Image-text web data

'''

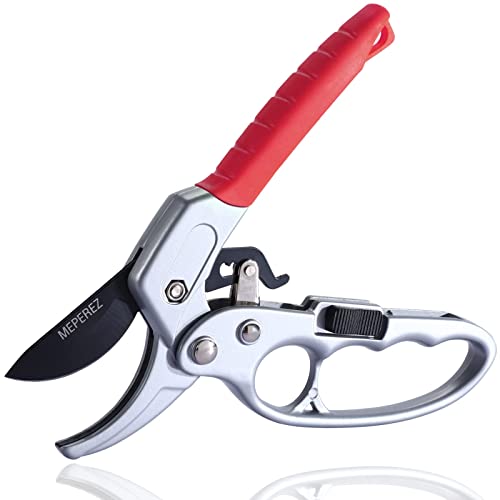 Germany Pruning Shears For Gardening, Arthritis Weak Hand Snips, 4x cutting power trimming, 1-Inch Cut Capacity Garden Clippers, Ergonomic handle, Rust resistant, high strength steel, Sharp - style: Red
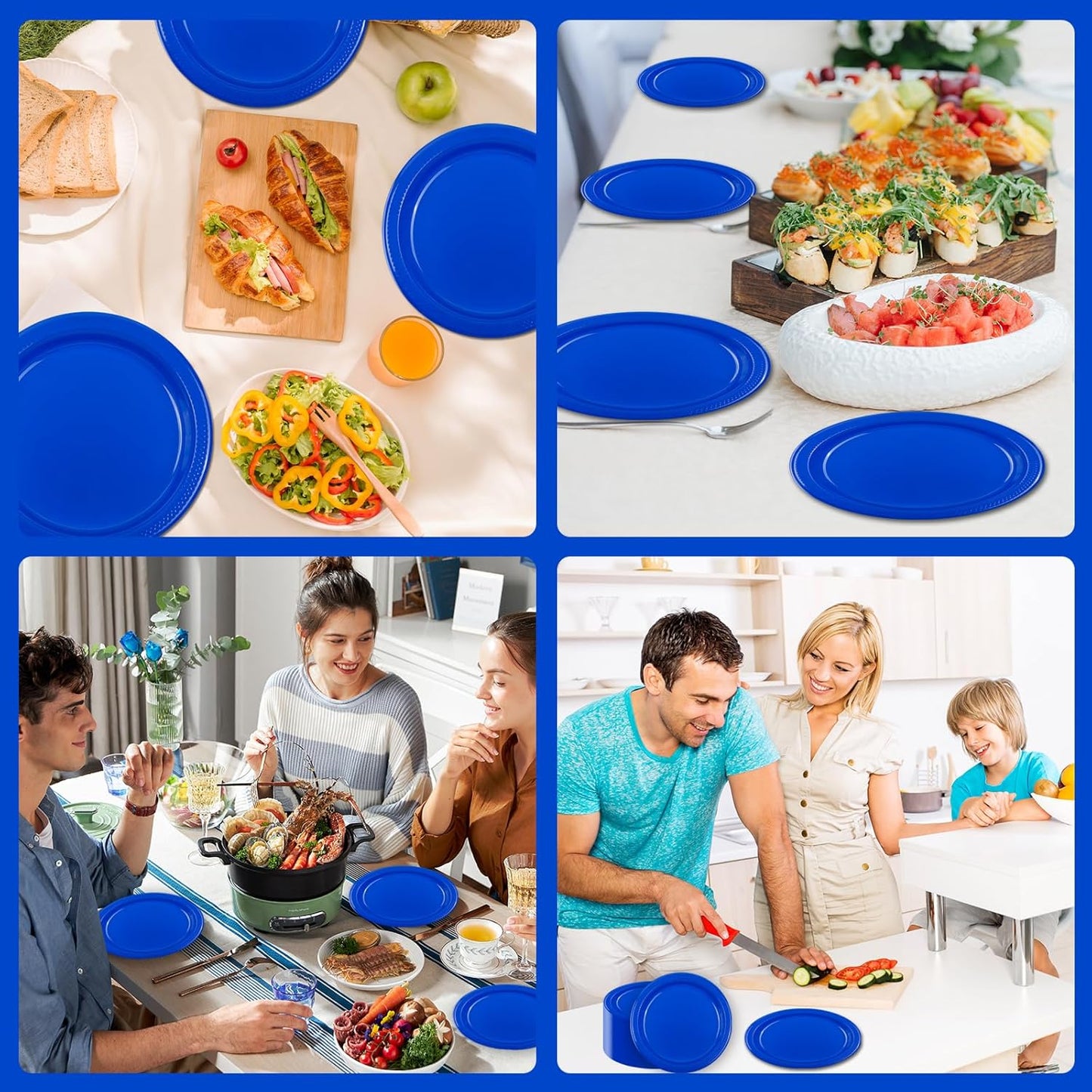 100 pcs Blue Plastic Plates Disposable 7inch Party Dessert Dinner Plates Heavy Duty for Party,Wedding, Valentines,Christmas,Thanksgiving day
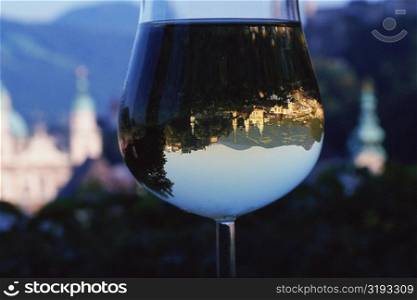 Close-up of a glass of wine, Salzburg, Austria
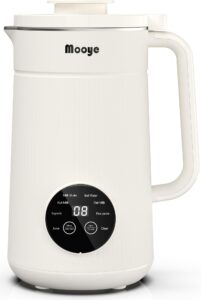mooye 35oz automatic nut milk maker with nut milk bag - homemade almond, 10 blades, oat, soy milk machine - auto-operation, 12 hours timer, easy cleaning - dairy-free beverages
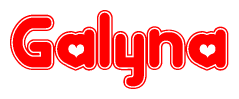 The image is a red and white graphic with the word Galyna written in a decorative script. Each letter in  is contained within its own outlined bubble-like shape. Inside each letter, there is a white heart symbol.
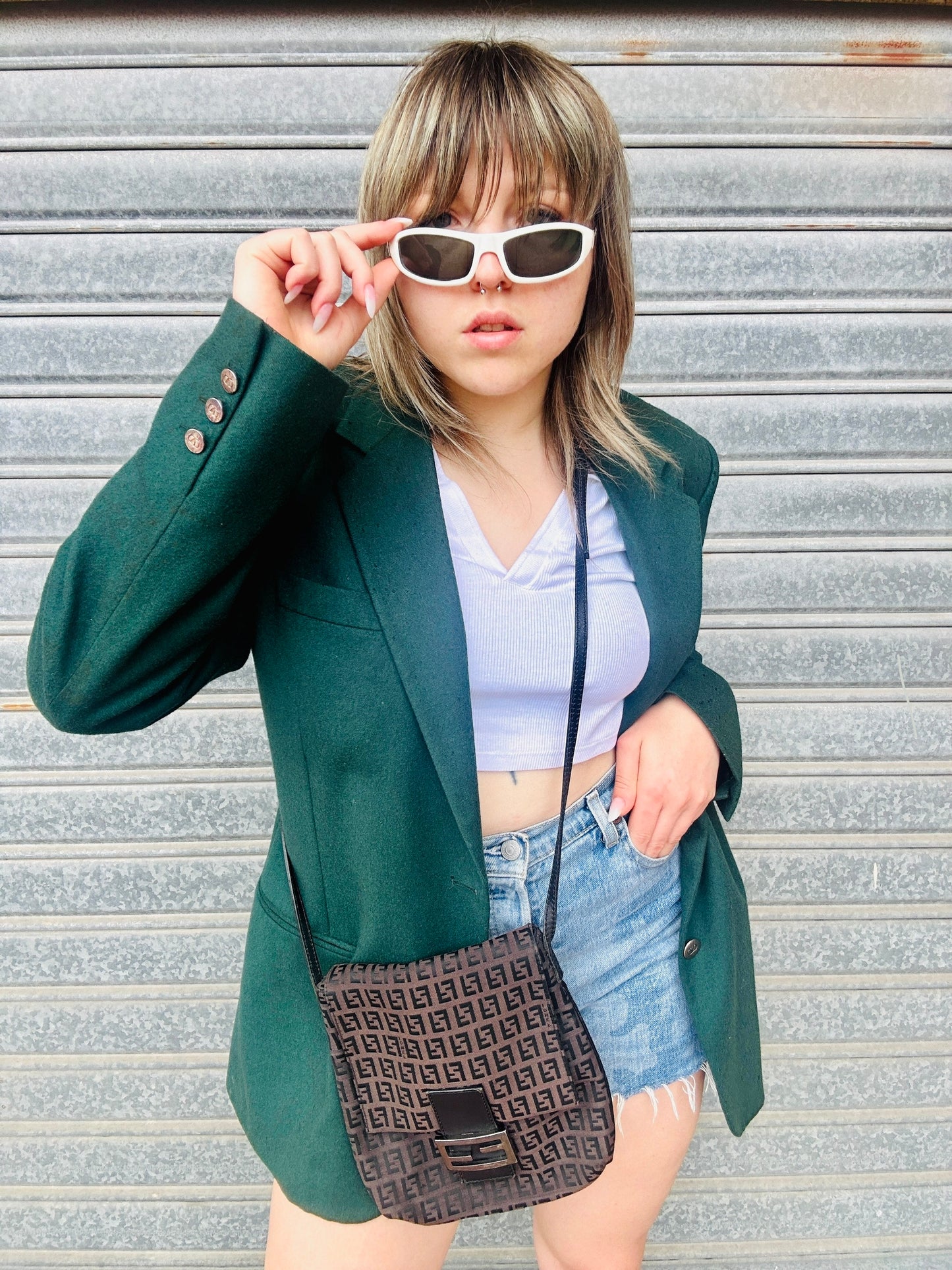 FENDI - Tracolla baguette mama monogram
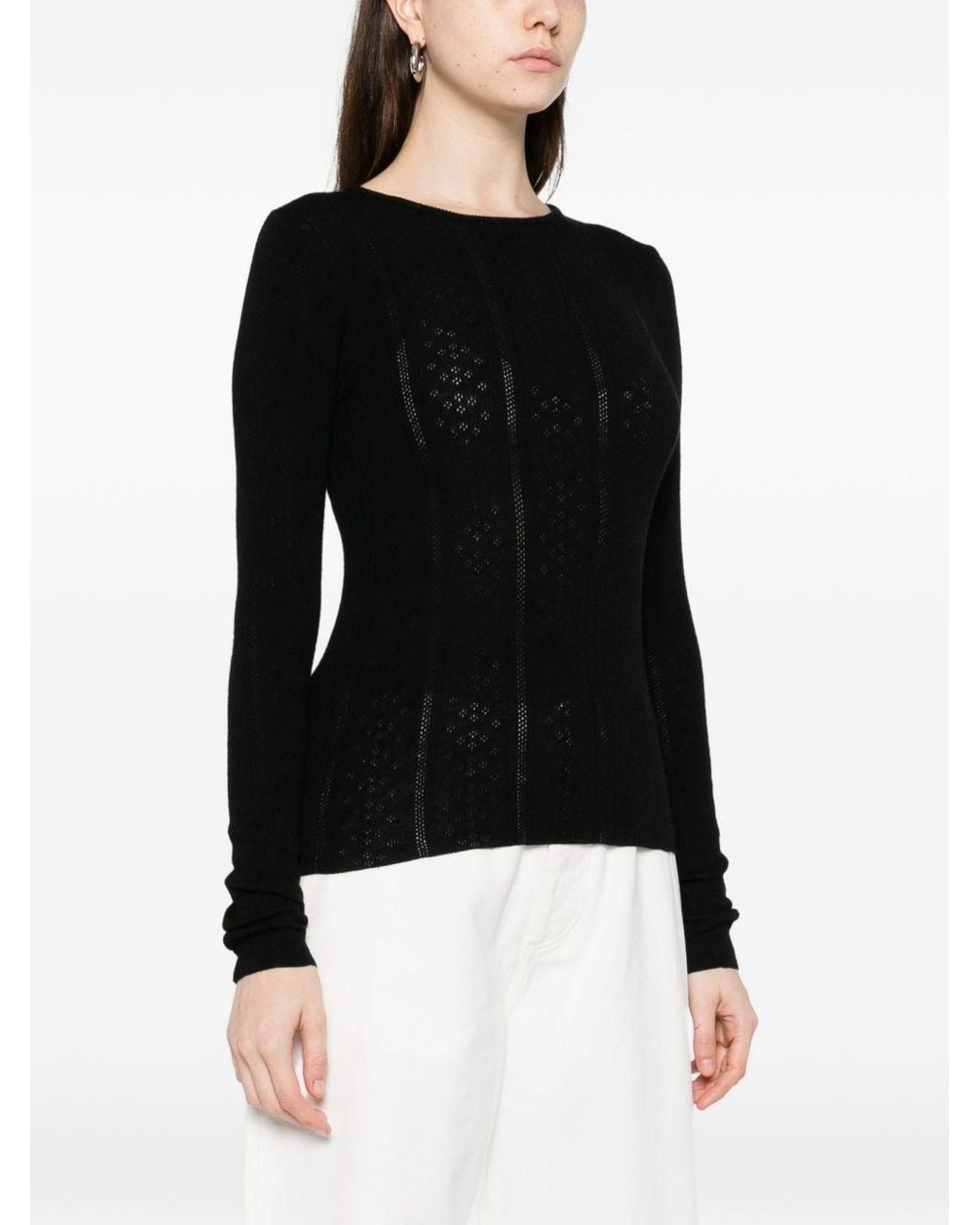 Herskind Black Wool Crewneck Sweater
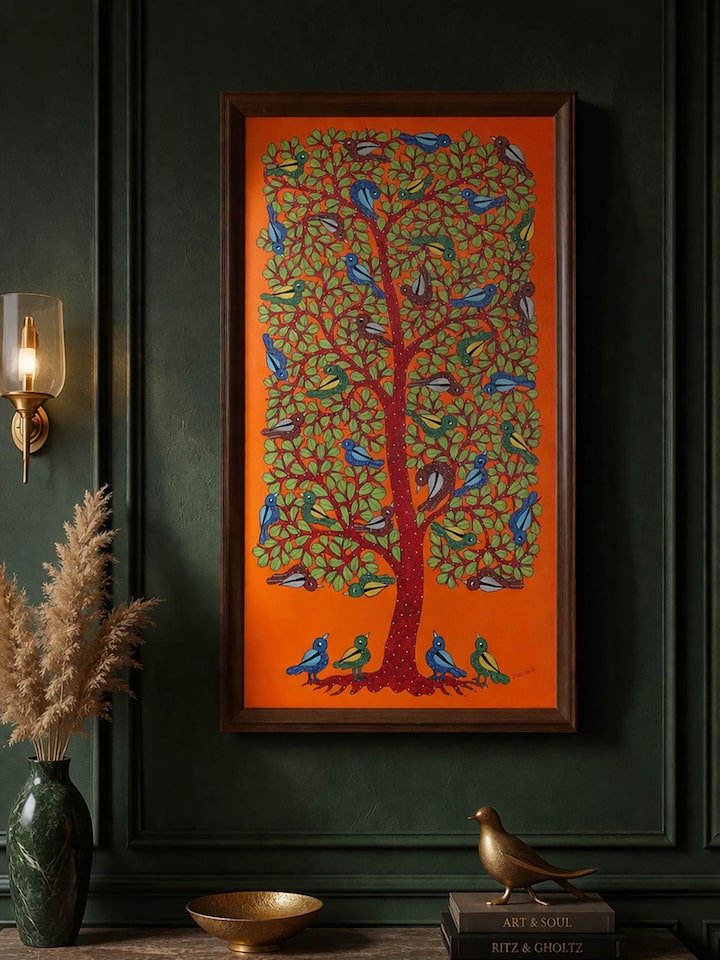 Left-side view of the Tree Of Life Gond Art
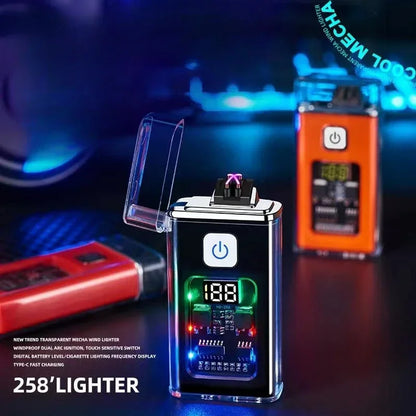 USB Rechargeable Electric Lighter – Windproof Dual Arc Plasma Fire Starter for Outdoors & Everyday Use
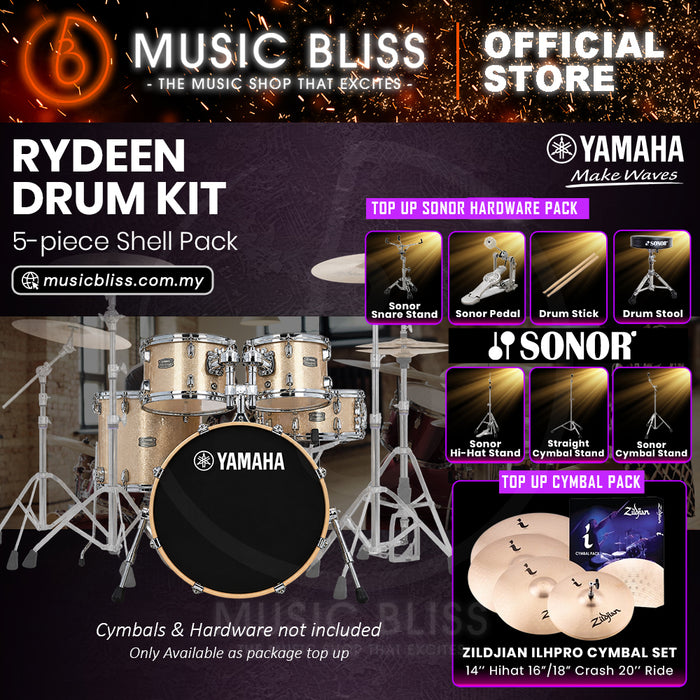 Yamaha Rydeen 5-Piece Acoustic Drum Kit – 20" Bass Drum – Shell Pack Only or Complete Package with Hardware & Cymbals - Champagne Glitter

'''

▶ Work request
An exact copy of every entry above is needed, minus the pictures.

▶ Your solution
 Germany Pruning Shears For Gardening, Arthritis Weak Hand Snips, 4x cutting power trimming, 1-Inch Cut Capacity Garden Clippers, Ergonomic handle, Rust resistant, high strength steel, Sharp - style: Red
 100 pcs Blue Plastic Plates Disposable 7inch Party Dessert Dinner Plates Heavy Duty for Party,Wedding, Valentines,Christmas,Thanksgiving day
 Close-up of a glass of wine, Salzburg, Austria
mooye 35oz automatic nut milk maker with nut milk bag - homemade almond, 10 blades, oat, soy milk machine - auto-operation, 12 hours timer, easy cleaning - dairy-free beverages
 The image is a red and white graphic with the word Galyna written in a decorative script. Each letter in  is contained within its own outlined bubble-like shape. Inside each letter, there is a white heart symbol.
 FENDI - Tracolla baguette mama monogram
 Herskind Black Wool Crewneck Sweater
 Left-side view of the Tree Of Life Gond Art
 USB Rechargeable Electric Lighter – Windproof Dual Arc Plasma Fire Starter for Outdoors & Everyday Use
 Yamaha Rydeen 5-Piece Acoustic Drum Kit – 20" Bass Drum – Shell Pack Only or Complete Package with Hardware & Cymbals - Champagne Glitter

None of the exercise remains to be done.